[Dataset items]
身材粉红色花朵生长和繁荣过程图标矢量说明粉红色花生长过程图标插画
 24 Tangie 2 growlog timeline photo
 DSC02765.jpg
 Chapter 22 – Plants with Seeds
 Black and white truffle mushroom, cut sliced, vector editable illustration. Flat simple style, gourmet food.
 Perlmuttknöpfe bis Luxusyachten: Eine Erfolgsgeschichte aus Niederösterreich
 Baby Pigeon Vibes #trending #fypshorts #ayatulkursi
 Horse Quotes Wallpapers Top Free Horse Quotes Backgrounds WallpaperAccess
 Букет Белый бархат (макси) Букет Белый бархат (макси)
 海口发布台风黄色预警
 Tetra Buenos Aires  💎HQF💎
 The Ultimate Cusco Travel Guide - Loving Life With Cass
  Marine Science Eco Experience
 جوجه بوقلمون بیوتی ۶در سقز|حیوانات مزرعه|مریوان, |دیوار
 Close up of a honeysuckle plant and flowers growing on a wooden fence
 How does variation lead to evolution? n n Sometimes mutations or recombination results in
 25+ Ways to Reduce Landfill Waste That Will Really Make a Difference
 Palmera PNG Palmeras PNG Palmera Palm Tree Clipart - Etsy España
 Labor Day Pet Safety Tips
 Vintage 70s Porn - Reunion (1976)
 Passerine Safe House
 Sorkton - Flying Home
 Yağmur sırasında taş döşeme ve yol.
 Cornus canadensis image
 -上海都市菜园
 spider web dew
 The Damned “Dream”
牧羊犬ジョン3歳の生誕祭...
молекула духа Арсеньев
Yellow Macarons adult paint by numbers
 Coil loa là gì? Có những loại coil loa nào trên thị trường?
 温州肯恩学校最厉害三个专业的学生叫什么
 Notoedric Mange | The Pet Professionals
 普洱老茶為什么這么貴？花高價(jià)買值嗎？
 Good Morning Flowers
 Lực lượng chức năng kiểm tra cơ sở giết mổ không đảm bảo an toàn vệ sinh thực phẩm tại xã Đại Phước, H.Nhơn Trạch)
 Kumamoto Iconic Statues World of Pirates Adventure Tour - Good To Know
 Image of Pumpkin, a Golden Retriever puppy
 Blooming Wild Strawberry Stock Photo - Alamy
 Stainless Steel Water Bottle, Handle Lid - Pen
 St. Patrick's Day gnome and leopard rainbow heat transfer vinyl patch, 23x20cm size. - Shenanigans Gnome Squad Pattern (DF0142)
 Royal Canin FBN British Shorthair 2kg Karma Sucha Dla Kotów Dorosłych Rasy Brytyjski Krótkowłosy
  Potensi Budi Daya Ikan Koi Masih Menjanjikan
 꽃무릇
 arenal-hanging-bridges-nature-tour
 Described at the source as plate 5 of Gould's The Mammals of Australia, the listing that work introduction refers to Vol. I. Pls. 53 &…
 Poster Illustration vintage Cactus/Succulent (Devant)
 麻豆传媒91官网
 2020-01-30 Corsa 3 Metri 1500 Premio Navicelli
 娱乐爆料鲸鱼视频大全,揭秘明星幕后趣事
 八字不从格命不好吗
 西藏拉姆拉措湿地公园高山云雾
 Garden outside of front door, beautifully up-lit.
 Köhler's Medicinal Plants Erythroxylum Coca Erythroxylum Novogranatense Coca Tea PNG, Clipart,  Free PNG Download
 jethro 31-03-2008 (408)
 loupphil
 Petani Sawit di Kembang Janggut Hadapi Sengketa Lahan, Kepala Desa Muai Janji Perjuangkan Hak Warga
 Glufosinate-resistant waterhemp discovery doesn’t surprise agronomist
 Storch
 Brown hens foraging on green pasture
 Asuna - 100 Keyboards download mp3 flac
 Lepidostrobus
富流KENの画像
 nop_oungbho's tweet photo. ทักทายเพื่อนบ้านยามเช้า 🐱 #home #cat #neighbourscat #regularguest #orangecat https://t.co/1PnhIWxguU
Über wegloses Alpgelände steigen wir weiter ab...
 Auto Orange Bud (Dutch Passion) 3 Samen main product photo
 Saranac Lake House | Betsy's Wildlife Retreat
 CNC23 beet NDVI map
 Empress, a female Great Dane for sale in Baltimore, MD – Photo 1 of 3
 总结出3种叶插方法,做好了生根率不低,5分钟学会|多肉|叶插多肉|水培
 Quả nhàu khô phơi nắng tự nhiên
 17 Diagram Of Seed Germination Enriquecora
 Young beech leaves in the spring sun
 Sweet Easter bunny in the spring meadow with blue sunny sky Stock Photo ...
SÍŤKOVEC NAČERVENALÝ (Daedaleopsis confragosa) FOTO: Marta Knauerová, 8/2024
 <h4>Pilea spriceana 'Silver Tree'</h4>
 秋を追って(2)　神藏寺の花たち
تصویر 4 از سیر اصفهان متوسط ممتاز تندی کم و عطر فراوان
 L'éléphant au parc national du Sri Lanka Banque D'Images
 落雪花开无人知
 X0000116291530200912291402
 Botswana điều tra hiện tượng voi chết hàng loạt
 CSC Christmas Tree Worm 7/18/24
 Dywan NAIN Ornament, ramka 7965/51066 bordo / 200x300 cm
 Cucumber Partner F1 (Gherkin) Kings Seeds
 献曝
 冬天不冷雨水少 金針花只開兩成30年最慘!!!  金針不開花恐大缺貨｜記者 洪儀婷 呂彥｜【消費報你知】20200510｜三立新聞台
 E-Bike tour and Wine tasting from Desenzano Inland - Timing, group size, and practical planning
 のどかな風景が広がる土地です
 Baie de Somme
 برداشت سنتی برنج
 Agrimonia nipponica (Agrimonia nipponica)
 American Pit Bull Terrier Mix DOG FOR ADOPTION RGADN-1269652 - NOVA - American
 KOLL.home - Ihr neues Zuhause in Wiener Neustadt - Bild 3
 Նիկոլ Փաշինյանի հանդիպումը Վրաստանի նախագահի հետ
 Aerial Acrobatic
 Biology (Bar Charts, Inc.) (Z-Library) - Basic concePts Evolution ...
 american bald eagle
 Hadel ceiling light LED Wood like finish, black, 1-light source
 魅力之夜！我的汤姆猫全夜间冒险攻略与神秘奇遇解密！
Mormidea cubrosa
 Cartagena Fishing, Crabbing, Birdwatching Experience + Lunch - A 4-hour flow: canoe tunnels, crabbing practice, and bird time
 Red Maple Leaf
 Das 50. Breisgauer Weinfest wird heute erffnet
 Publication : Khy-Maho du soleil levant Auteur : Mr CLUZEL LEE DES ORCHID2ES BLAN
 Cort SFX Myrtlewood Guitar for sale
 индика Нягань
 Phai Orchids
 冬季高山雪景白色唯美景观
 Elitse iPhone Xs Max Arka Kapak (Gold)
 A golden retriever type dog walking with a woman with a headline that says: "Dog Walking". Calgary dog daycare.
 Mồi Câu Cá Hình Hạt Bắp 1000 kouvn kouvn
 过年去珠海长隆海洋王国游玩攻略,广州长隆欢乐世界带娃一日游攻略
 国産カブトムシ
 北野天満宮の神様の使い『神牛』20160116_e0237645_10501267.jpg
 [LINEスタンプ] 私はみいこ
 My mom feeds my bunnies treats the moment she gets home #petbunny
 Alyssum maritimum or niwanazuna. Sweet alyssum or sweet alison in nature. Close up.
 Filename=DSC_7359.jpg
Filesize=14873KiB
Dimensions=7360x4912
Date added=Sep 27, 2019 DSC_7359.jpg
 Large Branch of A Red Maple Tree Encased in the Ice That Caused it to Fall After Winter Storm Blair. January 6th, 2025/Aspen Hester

## [Work to complete]
Look back at the data above. Transcribe exactly the lines starting at the line that contains "Hadel ceiling light" and ending at the line that contains "Elitse iPhone Xs Max Arka Kapak (Gold)".

## [Your solution]
 Hadel ceiling light LED Wood like finish, black, 1-light source
 魅力之夜！我的汤姆猫全夜间冒险攻略与神秘奇遇解密！
Mormidea cubrosa
 Cartagena Fishing, Crabbing, Birdwatching Experience + Lunch - A 4-hour flow: canoe tunnels, crabbing practice, and bird time
 Red Maple Leaf
 Das 50. Breisgauer Weinfest wird heute erffnet
 Publication : Khy-Maho du soleil levant Auteur : Mr CLUZEL LEE DES ORCHID2ES BLAN
 Cort SFX Myrtlewood Guitar for sale
 индика Нягань
 Phai Orchids
 冬季高山雪景白色唯美景观
 Elitse iPhone Xs Max Arka Kapak (Gold)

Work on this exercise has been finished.